MPR: Trump & Yates, Baseball, and America’s Sheriff

We see privilege issues discussed in judicial decisions, legal commentary, and mainstream news.  Here is my Monthly Privilege Roundup of interesting privilege issues for March 2017.

  • The Washington Post reports that that Trump administration, citing the attorney-client privilege and presidential communications privilege, sought to prevent former DAG Sally Yates from testifying in Congress’s probe into connections between the Trump campaign and Russian officials.  Story here.

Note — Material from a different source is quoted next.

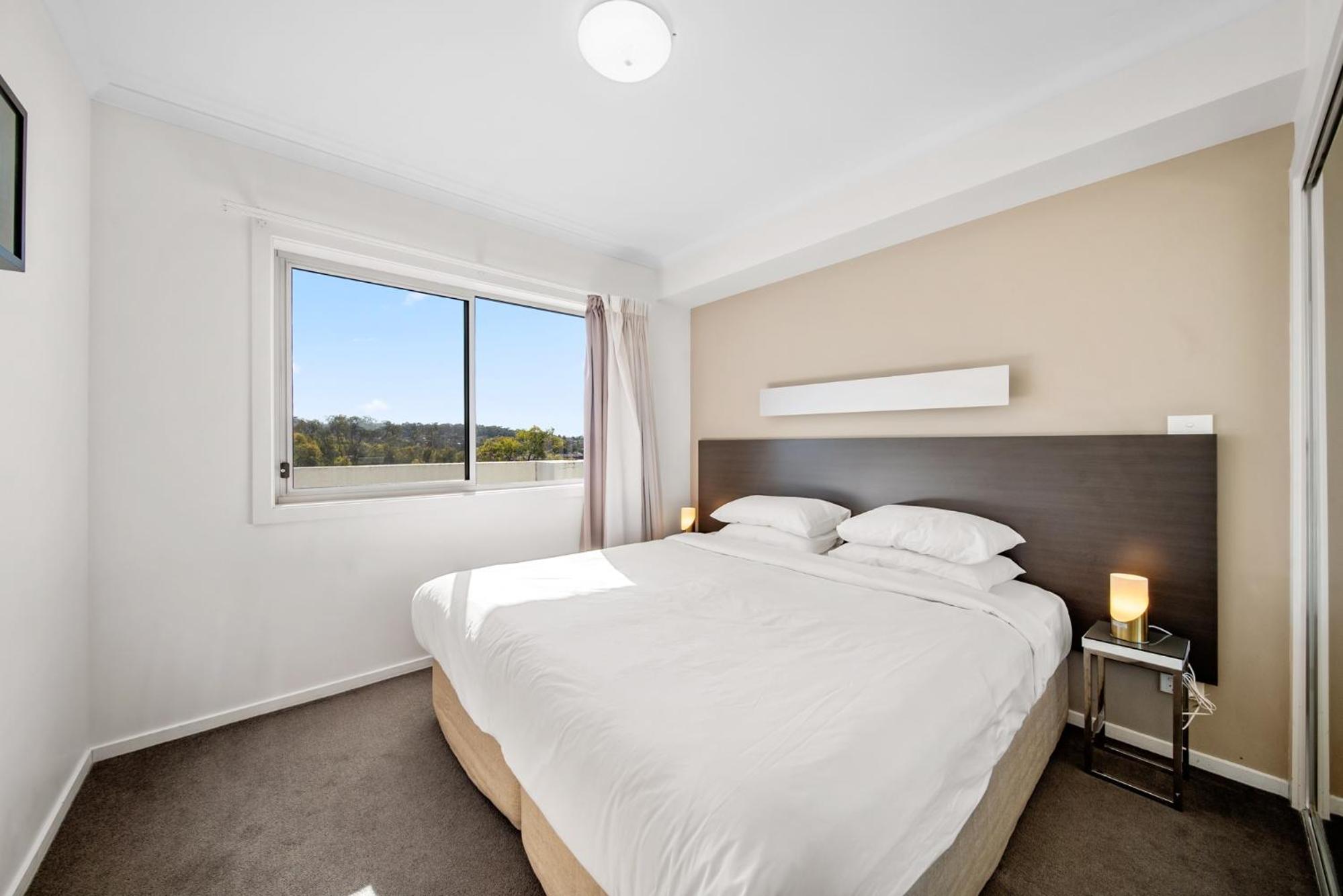 Bright 1-Bed Apartment with Balcony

  • Former Maricopa County Sheriff Joe Arpaio, known as “America’s Sheriff,” asserts that the attorney-client privilege precludes his former attorney from testifying in the Sheriff’s trial for criminal contempt charges.  Story from Arizona here.
  • Well, it is baseball season.  Law360 reports that, in a suit over failed expansion of the independent Frontier League, the Rockford Aviators’ CEO claims that the Washington (PA) Wild Things’ CEO improperly withheld documents under the attorney-client privilege.  Law360 has the details here.

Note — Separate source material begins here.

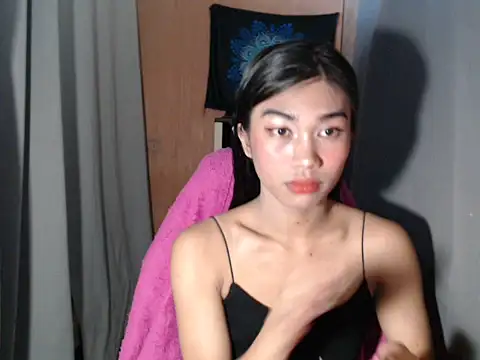 Snapshot of ToKeNa chatting on September 2025 03:01:01 AM ToKeNa online show from September 2025 03:01:01 AM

  • The Global Legal Post reports on a British decision that purportedly “causes concern over privilege for internal investigations.”  Read the report here.
  • In a common-sense ruling, a West Virginia federal court ruled that transmitting privileged document via a file sharing site–without making it password-protected, waived the privilege.  Interesting factual situation led to this decision, and you may read about it here.
  • The Belmont Law Review published a Note discussing how the attorney-client privilege applies to a company’s former employees.  You may recall that the Washington Supreme Court recently held that the privilege does not apply to former employees–an opinion that I discussed in this post.  This law review article provides a good overview of the issue and is worth the read.  Heath Henley, The Attorney-Client Privilege and Former Employees: History, Principle, and Precedent, 3 Belmont L. Rev. 229 (2016).